From a practical perspective, digital imaging offers rapid turn-around time as its most important benefit. Compared to film photography, digital image acquisitions can be pre-processed and ready for delivery within 24 hours after the flight is completed. We typically have pre-processed image data on our FTP site or saved to a disk for courier delivery just hours after the plane lands. This rapid turn-around makes our clients and business partners more competitive in an industry that increasingly demands fast response and digital products.
Our combination of three DMC II’s, six aircraft and decades of experience enable Midwest Aerial to leverage our digital imaging capabilities to provide the following services:
- Simultaneous acquisition with three aircraft
- Airborne imaging in complex airspace
- Acquisition in Low-Light Conditions
- Fast response to disaster situations
Z/I Imaging DMC II-140 Digital Mapping Cameras
In 2010, Midwest Aerial transitioned from film-only acquisition to include airborne digital imaging in our list of services. We selected the DMC II digital mapping camera from Z/I Imaging. We bought a second DMC II in 2011, becoming the first company in the world to own two of them. In 2012 we took delivery of our third DMC II system maintaining our lead as the world’s largest owner/operator of this high end direct digital imaging system. Our Digital imaging makes our customers and partners more competitive because the imagery can be processed faster than film, and the geometric accuracy and color fidelity of digital images are superior. The DMC II can also be operated in lower light conditions (overcast skies or low sun angle) than film.

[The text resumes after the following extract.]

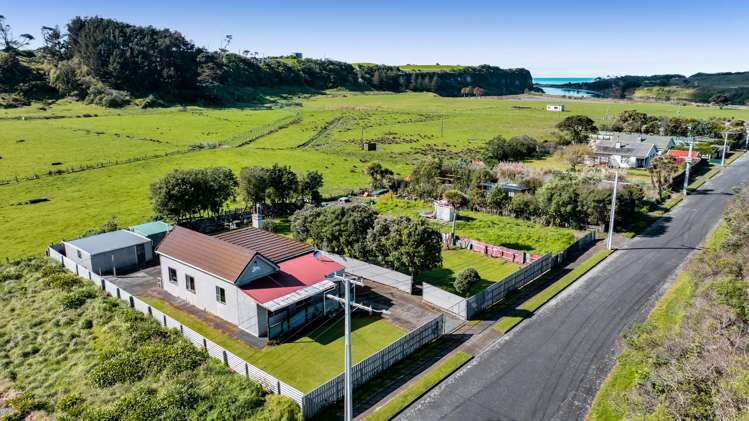 19 Portland Quay Patea_0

Designed specifically as a photogrammetric mapping camera, the Z/I Imaging DMC II offers a rigid square frame and a fixed pixel geometry in a single array that result(s?) in very high-quality geometric resolution. All DMC II systems collect four-band multispectral (Red, Green, Blue, Near IR) and black-and-white panchromatic imagery. Automated forward motion compensation and rapid refresh rate enable operators to fly the DMC II at low altitudes for large-scale survey applications and at higher altitudes for small-scale regional projects.

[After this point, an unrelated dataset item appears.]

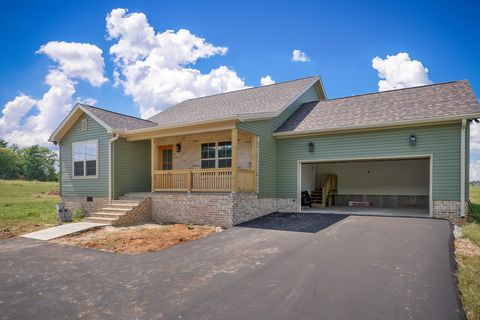 1354 Duck Pond Rd Sparta TN 38583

The DMC II-140 cameras represent a significant evolution in the innovative digital technology introduced with the original DMC. The DMC II is the first digital aerial camera to add a single monolithic panchromatic (PAN) camera head to produce extreme wide-ground coverage for capturing large-scale, high-resolution imagery. This improves overall geometric accuracy and radiometric quality, eliminating the need for image mosaicking during post-processing. The PAN-to-multispectral pixel ratio is 1:2, resulting in extremely crisp pan-sharpened imagery. (Source: Leica Geosystems).

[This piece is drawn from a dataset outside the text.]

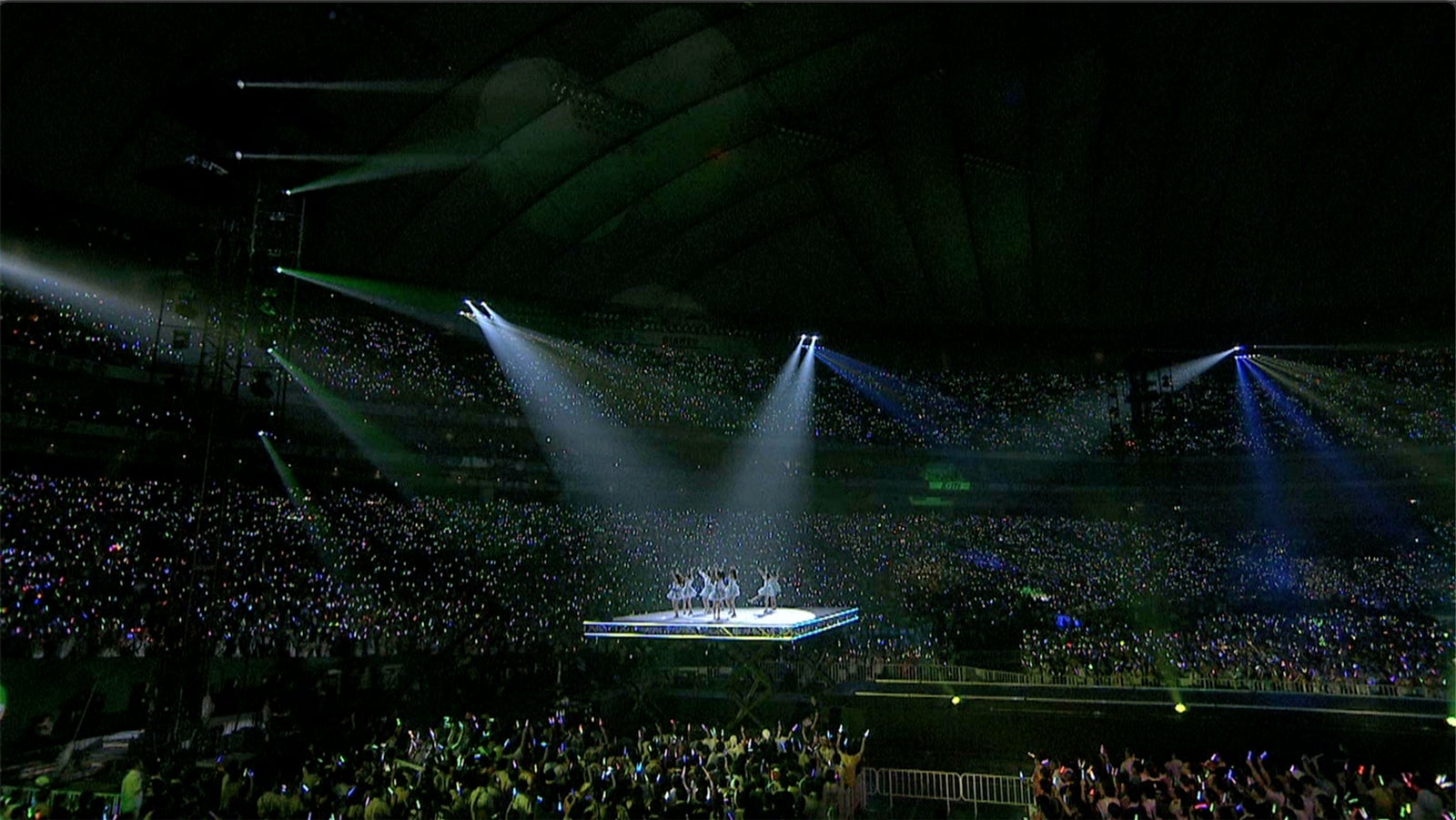 板野友美（提供写真）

Ultra sharp custom lens assemblies designed by Zeiss specifically for the DMC II camera system delivering highest resolution.
1:2 Pan Sharpening ratio – The only large format digital imaging system with a pan-sharpening ration so small. This produces the highest color resolution in the final image.
2.2 second system recycle rate between images to allow standard photogrammetric stereo overlaps at a one inch pixel GSD resolution.
Ultra sharp imagery due to Forward Motion Compensation (FMC) using Timed Delay Integration (TDI) technology. One inch (2.5 cm) pixel Ground Sample Distance (GSD) resolution can be obtained.
Gyro stabilized mounts to maintain a nadair view while also compensating for angular motion during turbulent air conditions to assure a clear sharp image even under less than ideal flight conditions.
In modern aerial survey cameras, FMC technology eliminates the image motion caused by the forward motion of the aircraft. FMC can be used successfully in good weather conditions; however, the full benefit of image motion compensation becomes obvious only when the roll and pitch of the aircraft need to be compensated.